▶ [Data]:
——————
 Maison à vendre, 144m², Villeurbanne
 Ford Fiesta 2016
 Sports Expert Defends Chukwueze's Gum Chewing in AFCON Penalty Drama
——————
▶ [What is being asked]:
Every line above should be transcribed exactly.

▶ [Final answer]:
 Maison à vendre, 144m², Villeurbanne
 Ford Fiesta 2016
 Sports Expert Defends Chukwueze's Gum Chewing in AFCON Penalty Drama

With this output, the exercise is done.